» **Task instructions**
Only the pictures are to be left out; return the rest of the data exactly as it stands.
=== Section Start ===
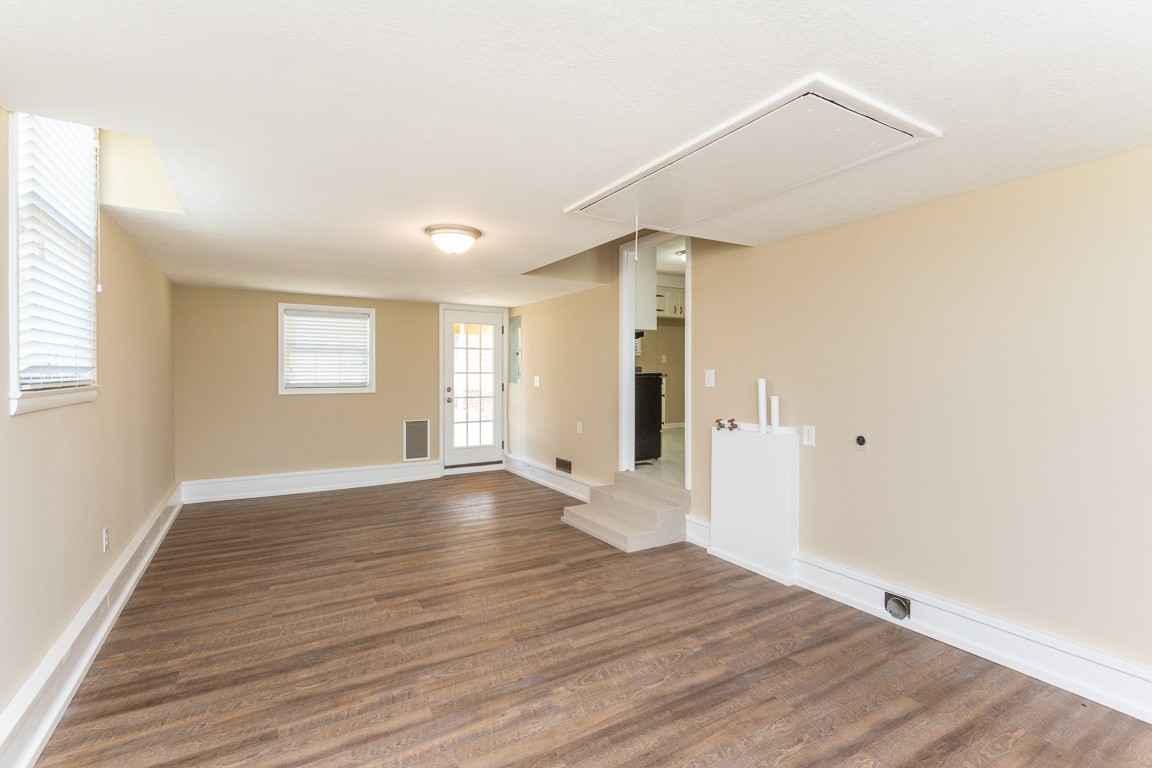 20 Binks Drive Clarksville, TN 37042 - Photo 15 of 35 an empty room with wooden floor and windows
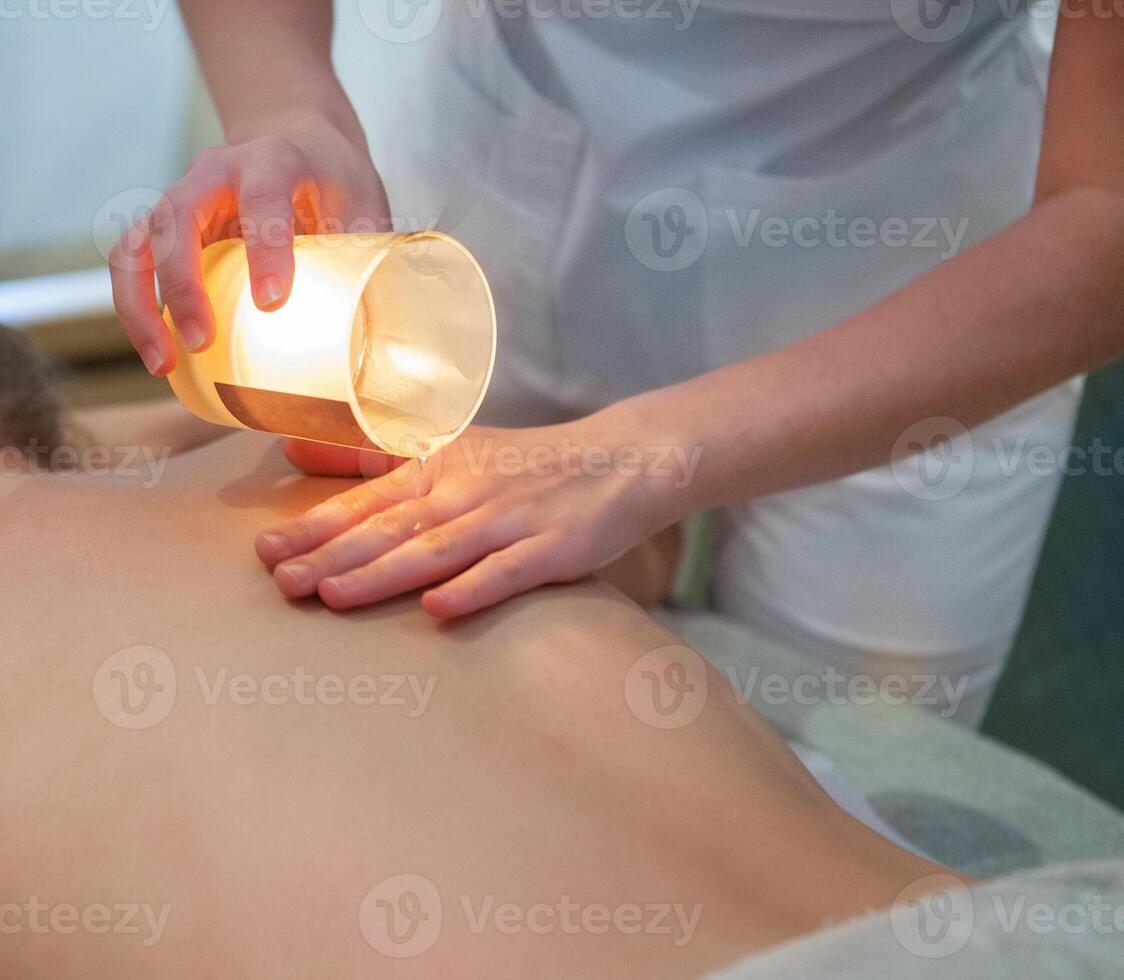 Young woman getting spa massage with massage candle photo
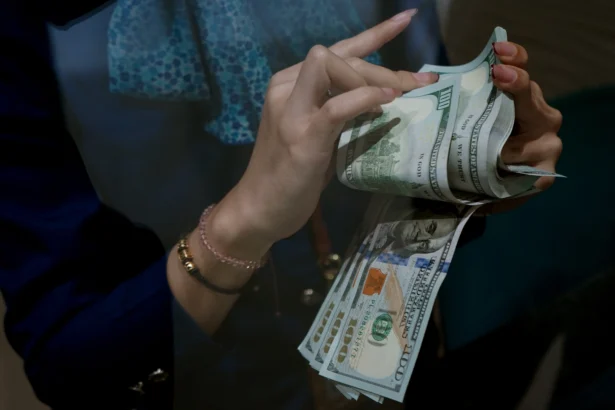 Karyawan menghitung uang pecahan dolar Amerika Serikat (AS) di gerai penukaran mata uang asing Haji La Tunrung, Makassar, Sulawesi Selatan, Rabu (20/5/2026).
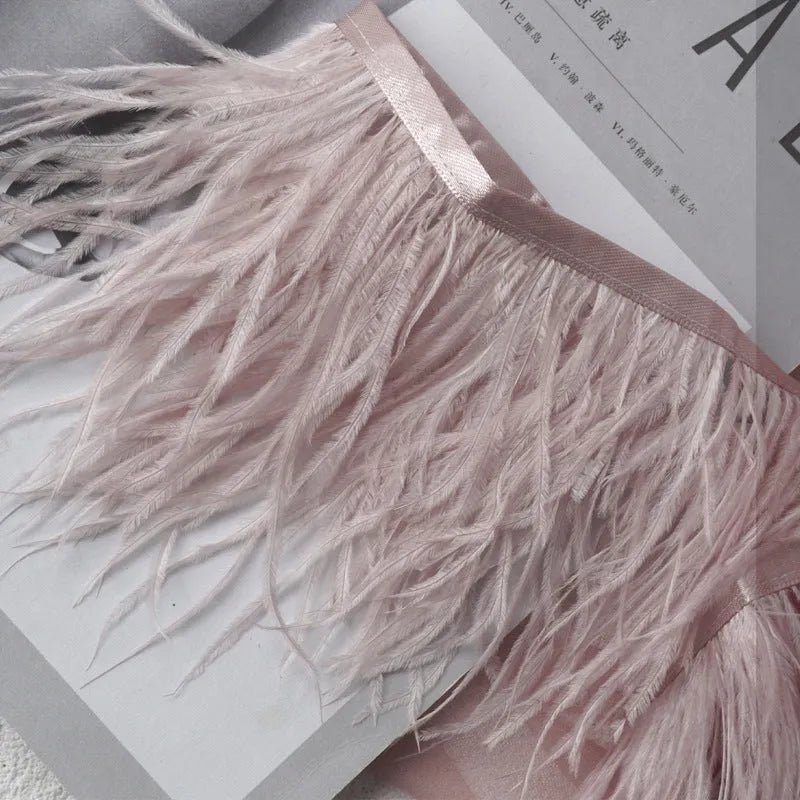Decorative feather cloth strip in multiple colours including white, black, and mint green for DIY clothing and craft projects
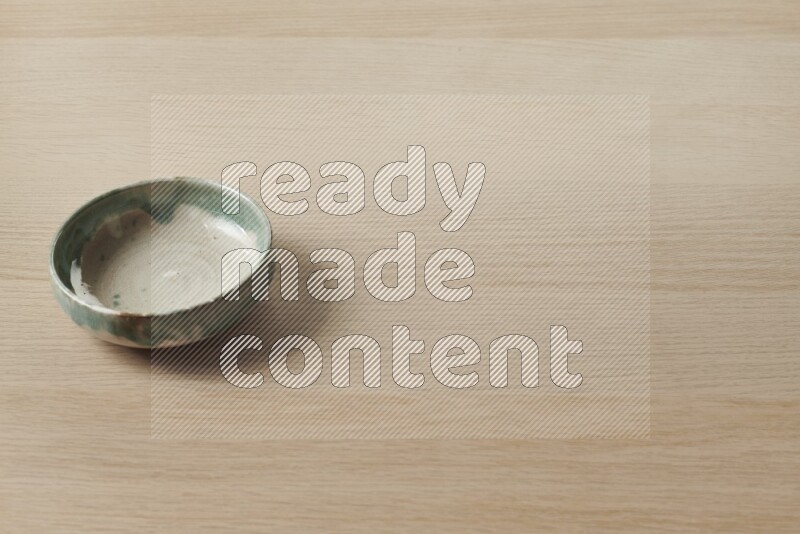 A multicolored pottery bowl on light wooden background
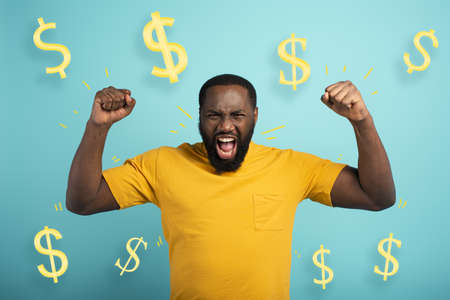 Boy wins money. Amazed and surprised expression face. Light blue backgroundの写真素材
=== Section End ===
» **Answer to this task**
 20 Binks Drive Clarksville, TN 37042 - Photo 15 of 35 an empty room with wooden floor and windows
 Young woman getting spa massage with massage candle photo
 Karyawan menghitung uang pecahan dolar Amerika Serikat (AS) di gerai penukaran mata uang asing Haji La Tunrung, Makassar, Sulawesi Selatan, Rabu (20/5/2026).
Decorative feather cloth strip in multiple colours including white, black, and mint green for DIY clothing and craft projects
 A multicolored pottery bowl on light wooden background
 Boy wins money. Amazed and surprised expression face. Light blue backgroundの写真素材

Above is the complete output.